Durante el almuerzo (había desaparecido la carta), Lola, con mucha naturalidad, le había contado que una amiga de la infancia, que estaba de vacaciones con su familia en la comarca, la convidaba a pasar el fin de semana en su chalé de alquiler de Pléneuf-Val André. ¿Qué amiga? Si no la conocía ella. Eso era de cuando sus padres las habían separado y metido en dos internados diferentes de Saint-Brieuc - el del instituto laico Ernest Renan para Lola y el religioso de Saint-Charles para ella - con motivo de sus múltiples calaveradas y actos de indisciplina. ¿Cómo se llamaba? Estelle. En efecto había oído Flora hablar a su hermana de una tal Estelle en ocasiones. Pero no significaba nada. ¿Y esa súbita marca de interés? No cabía duda de que todo eso era un cuento más claro que el agua. Pero, paciencia, ya sabría ella a qué atenerse.

Jueves

Ya fechaban de cuatro días atrás los primeros signos y seguía Flora sin la menor prueba de lo que fuera. Y, dentro de cuarenta y ocho horas, iba Lola a dejarla sola en esta casona para irse a pasar el fin de semana, en Le Val André, según decía, y ¡con quien sabe Dios! Tenía ella que desenmascararla antes, pero ¿cómo? Desde esta mañana no la había dejado sola un solo instante, excepto, claro, para ir a hacer pis. Todo parecía normal. Estaría ella desconfiando. Habría notado que le seguía la pista más que de costumbre. De momento, estaban sentadas en la cocina, mondando las judías verdes que trajeron de la plaza y venía contando Lola, con su cara más inocente L'Amant de Marguerite Duras que había acabado de leer anoche. ¡Mosquita muerta! De pronto, sonó el teléfono y salió Lola disparada hacia el aparato del recibidor, gritando: "¡Me pongo yo!". Y ¿por qué no había descolgado el teléfono que estaba a tres pasos de ella, en la pared? Para que ella no oyera la conversación, obviamente. A la ocasión la pintan calva: brincó también Flora y descolgó a la par que su hermana el auricular de la pared de enfrente. Era el florista que informaba a Lola que estaba listo su pedido y podría pasar a recogerlo cuando quisiera. Se venía abajo el soufflé de Flora (una composición de flores secas para regalar a su amiga, era algo lógico), cuando de su magín febril surgió la idea de que era una clave. Con todo, bien le había parecido reconocer la voz del florista. ¿Otro chasco, entonces? No podía ser. Pero discurrió el resto del día sin traerle el menor indicio suplementario.

Viernes

Por tradición familiar, religiosa y comercial, el viernes para ellas seguía siendo día de pescado y tenía que ser éste del día o de la noche anterior (¡ nada de esos pescados cuadrados, congelados y empanados sin ojos ni espinas que son los únicos que conocen los niños de hoy!). Pasó pues en la pescadería: había cola, como suele ocurrir sobre las once, y detrás de ellas, un hombre, de veraneo sin duda, al que ella nunca había visto, casi de inmediato entró en animada conversación con Lola. Bueno, una conversación de lo más trivial, claro; bien sabían que ella los estaba escuchando. Flora lo había detallado, de reojo: bastante apuesto, a fe suya, de mediana edad, sienes grises, sin anillo, vestidos veraniegos de calidad (niqui Lacoste, pantalón New Man, mocasines italianos). No tenía mal gusto Lola. Les cortó el insulso diálago para saber qué pensaba su hermana del peso de la pequeña dorada que pensaba comprar. No se cortó Lola en absoluto. Pero demasiado conocía Flora las capacidades de disimulación de su hermana para detenerse en esas apariencias.

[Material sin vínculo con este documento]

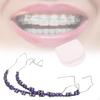Temporary Tooth Decoration Practice Prop,Supplies Metal Bracket for Students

Durante el almuerzo, mientras paladeaban su besugo al horno, ella, subrepticiamente, le espetó: "A propósito, aquel señor con quien discutiste esta mañana en la pescadería ¿quién era? Lola, sin inmutarse, le había contestado que lo ignoraba por completo, que nunca lo había visto antes pero que tal vez le había caído bien ella. ¿Y cómo no? Tú, hija mía, me estás tratando de engatusar, pero ¡conmigo, de eso nada! pensó Flora para sus adentros.

Sábado

Esta mañana, hacia las once, una berlina color crema, llena de niños, ha parado delante de la casa. Una mujer madura estaba al volante. Ha dado un timbrazo y ha dicho: "Buenos días. Me manda la señora Estelle B. a buscar a la señorita Lola si está lista". No sólo estaba lista sino que estaba brincando de impaciencia, porque llevaba Flora media hora oyéndola rondar la habitación, encima del salón. Ha bajado con una maletita de la mano. Se había puesto el vestido azul, el que le sienta tan bien. Se han besado tres veces, como es costumbre por aquí (los forasteros no pasan de dos o van hasta cuatro) y Lola ha dicho: "Que pases un buen fin de semana, hermanita. No hagas imprudencias mientras esté ausente. No volveré antes de la mañana del lunes por el coche de línea". Flora ha contestado: "No te preocupes. Saluda a tu amiga por mí". ¿Habría soñado ella y todos esos incidentes desde hacía una semana no serían sino coincidencias y azarosas extrapolaciones de su imaginación? Era verdad que tendía ella a ver en los otros lo que se podía observar en ella misma.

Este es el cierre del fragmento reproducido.